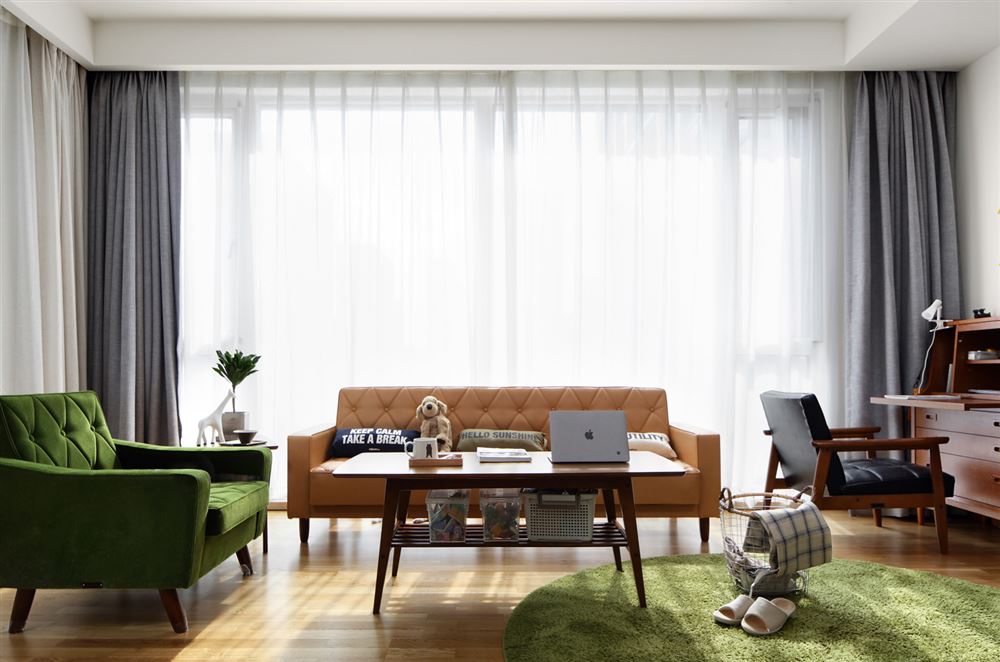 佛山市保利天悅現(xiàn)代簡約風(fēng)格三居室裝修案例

---

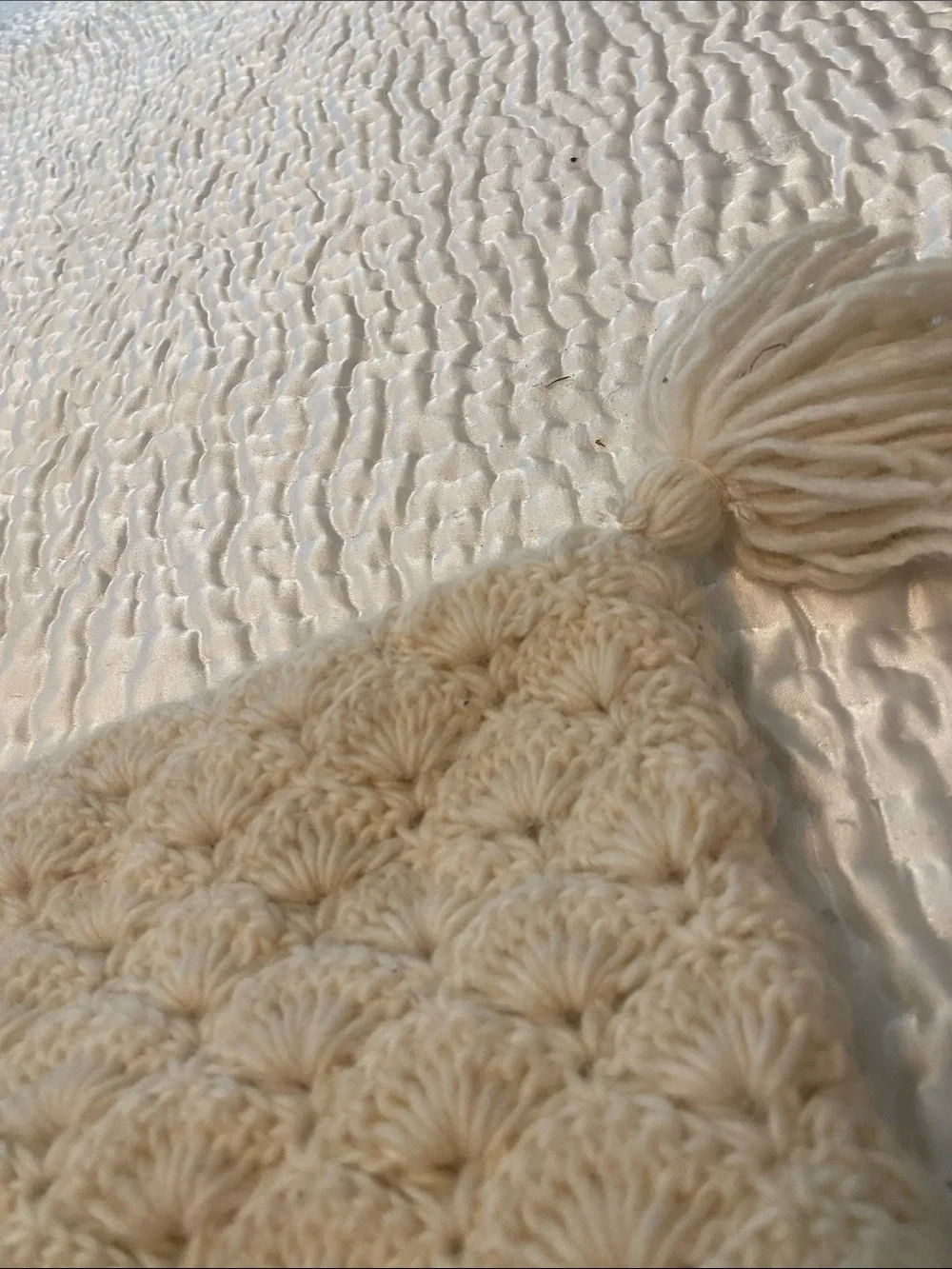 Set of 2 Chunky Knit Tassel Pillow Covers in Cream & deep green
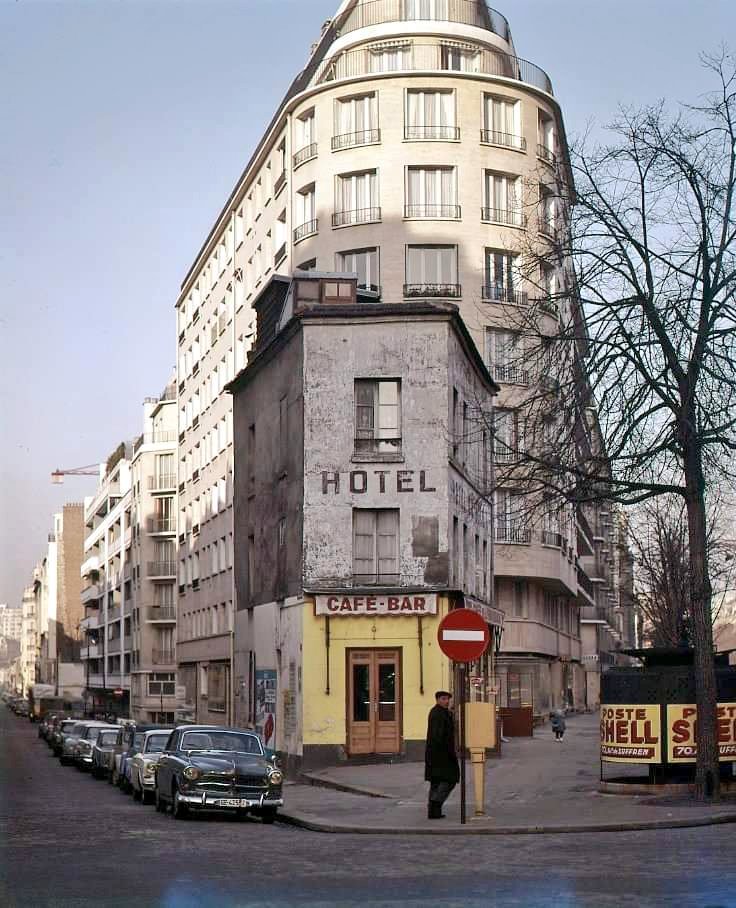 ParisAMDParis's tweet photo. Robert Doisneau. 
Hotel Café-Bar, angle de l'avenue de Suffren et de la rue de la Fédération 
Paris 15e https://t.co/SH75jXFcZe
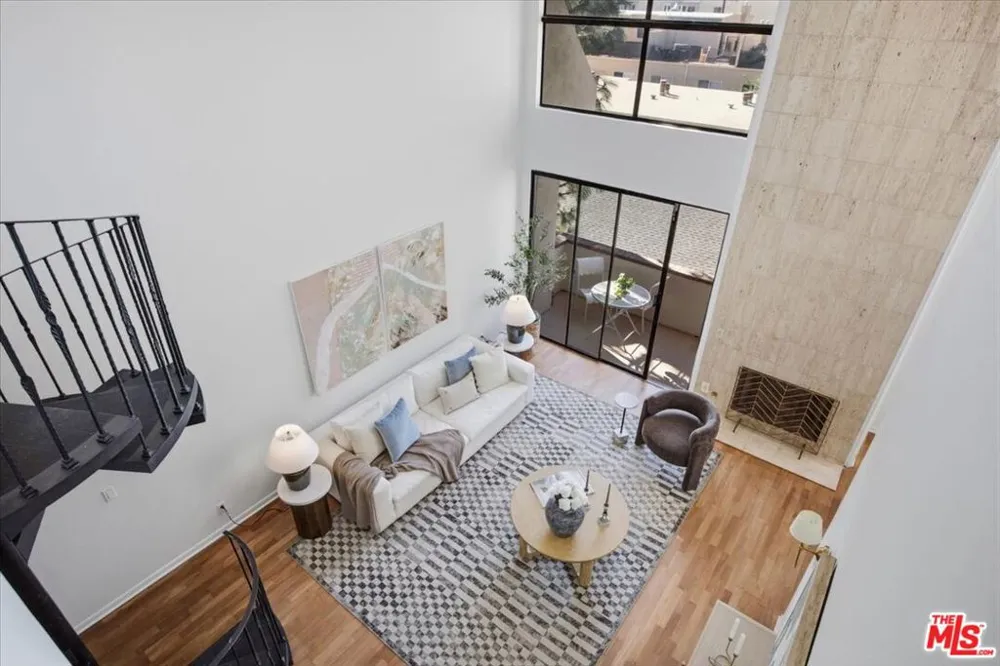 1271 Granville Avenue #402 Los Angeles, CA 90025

* * *

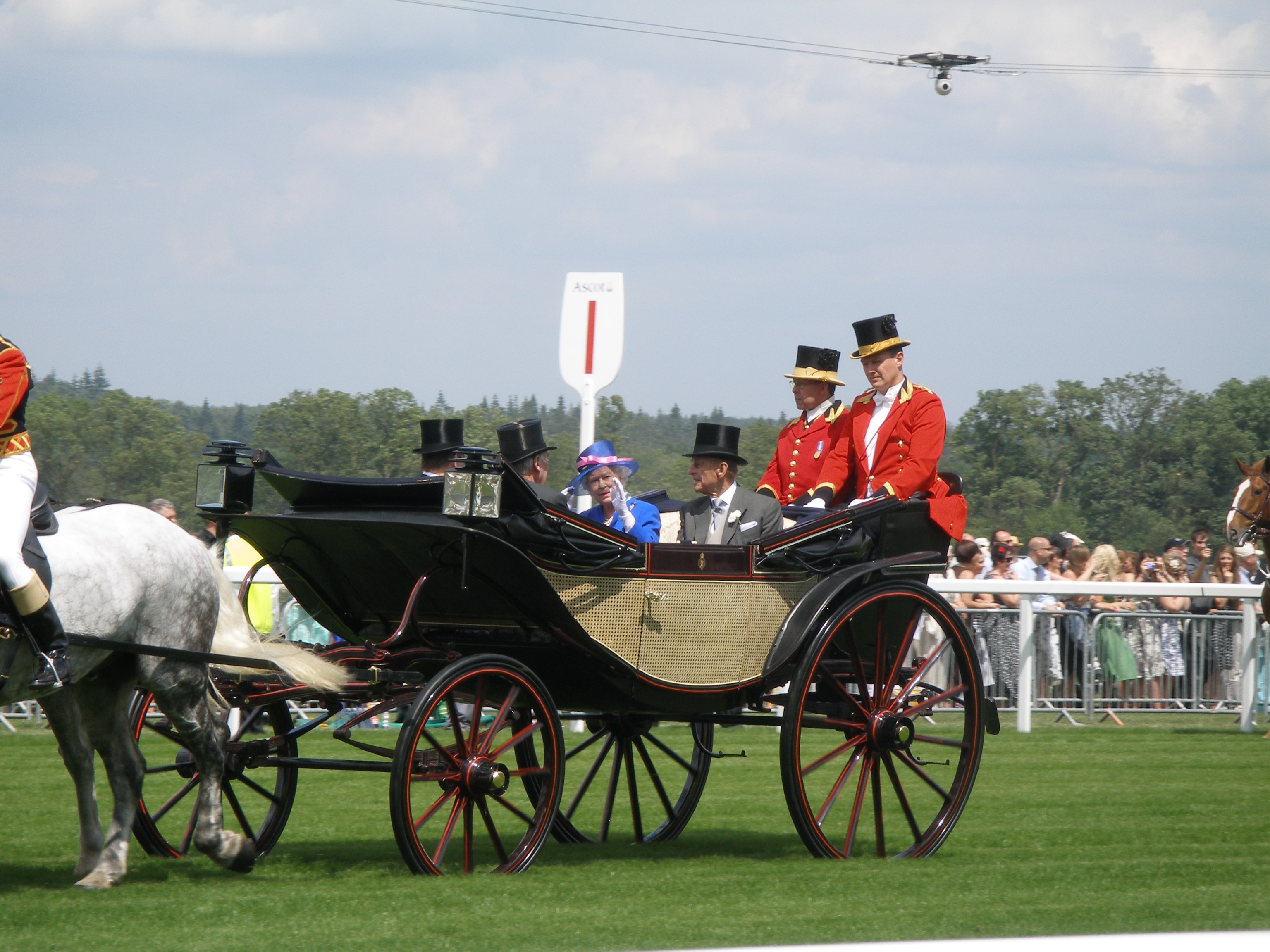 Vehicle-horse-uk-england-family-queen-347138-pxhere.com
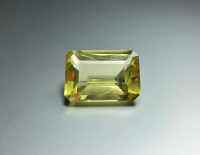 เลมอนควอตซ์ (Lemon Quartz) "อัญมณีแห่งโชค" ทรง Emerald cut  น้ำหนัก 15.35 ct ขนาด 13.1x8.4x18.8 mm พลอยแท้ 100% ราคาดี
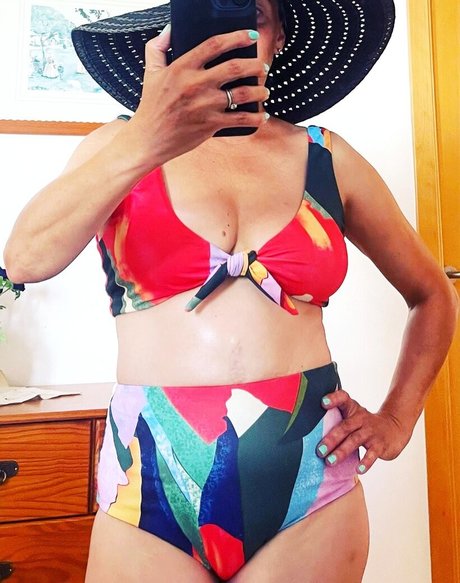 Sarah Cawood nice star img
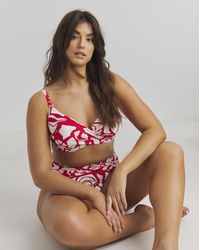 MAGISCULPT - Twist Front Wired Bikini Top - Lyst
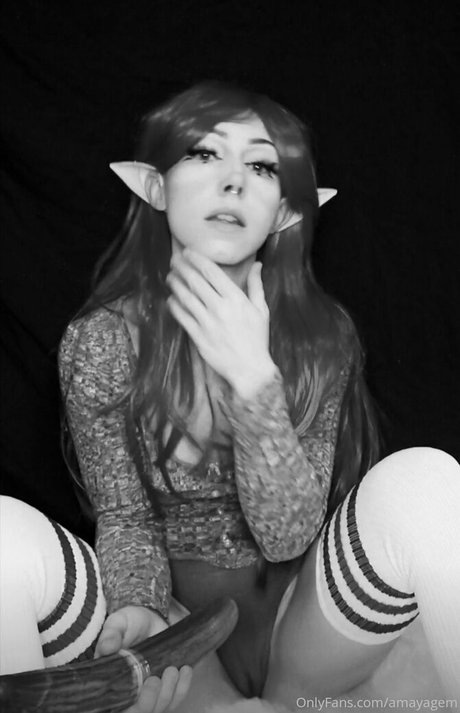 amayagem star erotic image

* WHAT YOU NEED TO DO *
When you reach the line holding "Sarah Cawood nice star img" in the listing above, begin retyping exactly, and stop once the line holding "amayagem star erotic image" is done; pictures stay out.

* WRITTEN ANSWER *
 Sarah Cawood nice star img
 MAGISCULPT - Twist Front Wired Bikini Top - Lyst
 amayagem star erotic image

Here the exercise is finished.